Exercise prompt | Which lines of the data contain the string "Base"? Show each of them.

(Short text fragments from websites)
____________

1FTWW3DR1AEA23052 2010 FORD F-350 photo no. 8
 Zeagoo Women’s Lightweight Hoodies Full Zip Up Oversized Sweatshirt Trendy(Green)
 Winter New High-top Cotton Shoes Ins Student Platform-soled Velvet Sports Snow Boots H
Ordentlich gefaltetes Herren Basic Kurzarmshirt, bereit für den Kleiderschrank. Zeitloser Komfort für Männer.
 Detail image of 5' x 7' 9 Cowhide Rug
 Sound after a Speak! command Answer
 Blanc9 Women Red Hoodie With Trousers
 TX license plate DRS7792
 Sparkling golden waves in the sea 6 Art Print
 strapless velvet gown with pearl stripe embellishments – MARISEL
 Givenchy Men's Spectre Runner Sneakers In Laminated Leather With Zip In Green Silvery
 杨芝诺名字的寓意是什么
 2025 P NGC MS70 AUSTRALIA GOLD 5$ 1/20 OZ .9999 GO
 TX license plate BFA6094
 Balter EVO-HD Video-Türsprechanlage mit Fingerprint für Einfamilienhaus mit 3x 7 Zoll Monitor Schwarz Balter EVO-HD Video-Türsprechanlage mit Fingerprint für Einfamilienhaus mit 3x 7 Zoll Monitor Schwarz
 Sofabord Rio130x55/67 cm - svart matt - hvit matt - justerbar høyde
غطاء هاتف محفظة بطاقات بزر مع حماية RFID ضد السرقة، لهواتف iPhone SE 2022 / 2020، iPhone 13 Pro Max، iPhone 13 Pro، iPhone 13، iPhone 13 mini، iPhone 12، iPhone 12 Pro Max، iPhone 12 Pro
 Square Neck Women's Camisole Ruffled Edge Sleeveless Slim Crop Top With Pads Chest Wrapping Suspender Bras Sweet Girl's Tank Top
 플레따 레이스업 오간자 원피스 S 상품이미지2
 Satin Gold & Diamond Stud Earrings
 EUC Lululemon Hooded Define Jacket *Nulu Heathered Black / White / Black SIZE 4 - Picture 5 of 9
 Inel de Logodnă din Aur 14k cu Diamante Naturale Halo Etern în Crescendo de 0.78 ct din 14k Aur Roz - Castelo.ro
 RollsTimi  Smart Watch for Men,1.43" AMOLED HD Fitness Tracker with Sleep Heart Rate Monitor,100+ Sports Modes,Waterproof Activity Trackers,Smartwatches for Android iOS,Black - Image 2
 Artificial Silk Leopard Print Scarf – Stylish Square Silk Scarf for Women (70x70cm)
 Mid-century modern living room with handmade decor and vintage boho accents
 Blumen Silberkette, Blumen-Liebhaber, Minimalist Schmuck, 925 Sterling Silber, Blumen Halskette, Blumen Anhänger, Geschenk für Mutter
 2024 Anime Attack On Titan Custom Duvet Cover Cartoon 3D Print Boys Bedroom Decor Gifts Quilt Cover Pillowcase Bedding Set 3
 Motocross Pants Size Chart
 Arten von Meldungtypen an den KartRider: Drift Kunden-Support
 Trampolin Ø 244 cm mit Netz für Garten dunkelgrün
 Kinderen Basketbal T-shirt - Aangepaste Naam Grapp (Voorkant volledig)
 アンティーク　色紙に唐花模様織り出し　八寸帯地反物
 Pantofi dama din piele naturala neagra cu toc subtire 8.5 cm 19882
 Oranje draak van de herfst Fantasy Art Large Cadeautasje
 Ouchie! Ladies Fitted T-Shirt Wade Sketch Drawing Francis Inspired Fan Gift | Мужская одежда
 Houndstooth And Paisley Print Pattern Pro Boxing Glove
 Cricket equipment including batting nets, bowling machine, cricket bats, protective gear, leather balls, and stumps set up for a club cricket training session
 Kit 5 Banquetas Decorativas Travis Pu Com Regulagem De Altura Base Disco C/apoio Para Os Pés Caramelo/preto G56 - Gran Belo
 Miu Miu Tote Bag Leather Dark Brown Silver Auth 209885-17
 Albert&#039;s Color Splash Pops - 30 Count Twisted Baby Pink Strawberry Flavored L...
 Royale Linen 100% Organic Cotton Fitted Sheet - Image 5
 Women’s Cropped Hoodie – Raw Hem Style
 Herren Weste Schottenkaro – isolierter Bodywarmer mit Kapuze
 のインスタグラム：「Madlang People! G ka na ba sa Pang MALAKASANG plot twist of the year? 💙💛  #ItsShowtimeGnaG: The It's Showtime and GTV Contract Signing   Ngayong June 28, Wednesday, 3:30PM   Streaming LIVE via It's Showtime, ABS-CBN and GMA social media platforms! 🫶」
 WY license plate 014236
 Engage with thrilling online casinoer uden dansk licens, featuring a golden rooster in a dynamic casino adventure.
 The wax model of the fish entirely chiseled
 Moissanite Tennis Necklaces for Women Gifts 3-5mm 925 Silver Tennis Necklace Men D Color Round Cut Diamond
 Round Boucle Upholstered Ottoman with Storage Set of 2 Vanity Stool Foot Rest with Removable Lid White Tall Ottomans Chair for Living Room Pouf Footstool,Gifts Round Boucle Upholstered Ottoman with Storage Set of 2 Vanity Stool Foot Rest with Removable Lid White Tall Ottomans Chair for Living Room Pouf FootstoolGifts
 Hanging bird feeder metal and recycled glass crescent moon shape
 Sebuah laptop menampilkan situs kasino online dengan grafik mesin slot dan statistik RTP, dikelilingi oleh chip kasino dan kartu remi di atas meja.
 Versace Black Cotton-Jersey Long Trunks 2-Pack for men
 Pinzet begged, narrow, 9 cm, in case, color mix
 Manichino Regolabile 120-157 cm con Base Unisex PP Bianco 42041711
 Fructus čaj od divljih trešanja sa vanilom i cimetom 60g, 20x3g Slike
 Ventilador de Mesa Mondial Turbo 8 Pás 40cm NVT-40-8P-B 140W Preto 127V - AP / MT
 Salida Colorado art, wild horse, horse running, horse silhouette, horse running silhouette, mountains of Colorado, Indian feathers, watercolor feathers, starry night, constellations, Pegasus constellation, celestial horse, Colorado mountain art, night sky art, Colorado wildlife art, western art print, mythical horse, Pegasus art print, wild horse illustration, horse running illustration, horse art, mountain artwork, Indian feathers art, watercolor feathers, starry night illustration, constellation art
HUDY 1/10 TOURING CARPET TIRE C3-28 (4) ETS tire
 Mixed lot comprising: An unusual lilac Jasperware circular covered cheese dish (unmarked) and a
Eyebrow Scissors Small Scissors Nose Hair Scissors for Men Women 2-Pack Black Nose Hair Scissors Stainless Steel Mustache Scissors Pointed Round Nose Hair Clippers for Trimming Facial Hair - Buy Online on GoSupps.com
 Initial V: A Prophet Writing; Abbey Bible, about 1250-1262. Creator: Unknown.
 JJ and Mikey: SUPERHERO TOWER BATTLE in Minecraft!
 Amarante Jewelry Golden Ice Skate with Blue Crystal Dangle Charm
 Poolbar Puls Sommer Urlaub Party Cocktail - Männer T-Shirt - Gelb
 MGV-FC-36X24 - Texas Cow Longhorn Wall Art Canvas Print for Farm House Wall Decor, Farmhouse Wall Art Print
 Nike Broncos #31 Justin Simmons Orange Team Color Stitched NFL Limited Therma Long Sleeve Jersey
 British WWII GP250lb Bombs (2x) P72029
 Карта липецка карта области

____________

Written answer |
 Kit 5 Banquetas Decorativas Travis Pu Com Regulagem De Altura Base Disco C/apoio Para Os Pés Caramelo/preto G56 - Gran Belo
 Manichino Regolabile 120-157 cm con Base Unisex PP Bianco 42041711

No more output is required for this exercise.